Recently I met a friend in a Shisha bar for a catch up. He asked if I wanted to have some and actually I’ve never tried it before, so he offered me his. I took a puff and waited. Nothing happened. So I asked him ‘Am I suppose to feel anything? I mean is it meant to relax you or numb your awareness or make you feel on top of the world?’ He laughed at me and told me to chill out and stop being so results oriented, that I’m off work now and I can stop looking for desired outcomes.

But aren’t we like that in relationships too? If this is not going anywhere then let’s just end it, and it was only your second date.

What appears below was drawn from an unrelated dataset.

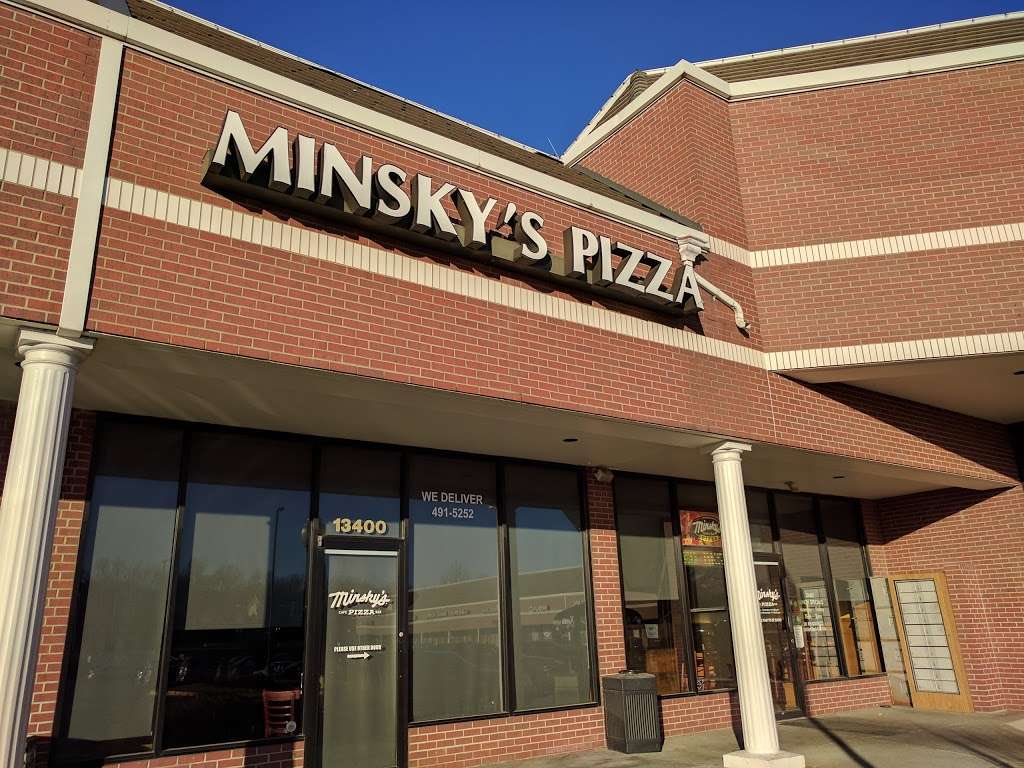 Minskys Pizza | 13400 College Blvd, Lenexa, KS 66210 | Phone: (913) 491-5252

This is how it goes. You compare check lists on the first couple of dates: Do you want to have 3 children? Do you want to live in an English-speaking country? What kind of partner do you want? What hobbies do you have? What do you want to achieve in the next 5 years? Are you happy with where you are at now? What is your financial management strategy? What are your strengths and weaknesses? How do you handle difficult situations? Do you possess leadership skills?

Once you’ve decided that you have similar goals and objections, you set out a process map or flow chat on how you want to achieve those together and you set milestones and delivery dates of each project. When to get engaged? Where do you want the wedding? Do you want to live in a house or apartment? How are we going to fund it? How long until we try for our first child? Will she be a stay home mum?

You will have regular status update meeting with important stakeholders and flash an item amber or red if it is behind schedule or at risk. So his parents don’t really like you. His ex still keeps in contact with him. You don’t have enough money. Your period is not regular.

You will find the root cause of problems and propose solutions for bottlenecks before the matter gets worse and out of control or things get blown out of budget. You buy his parents expensive Christmas presents to woo them. You warn his ex that he is taken and happy now. You kick start a strict saving plan with no going out activity and cut down on all luxury food items. You research everything to do with IVF and adoption.

What happened to falling in love first?!?!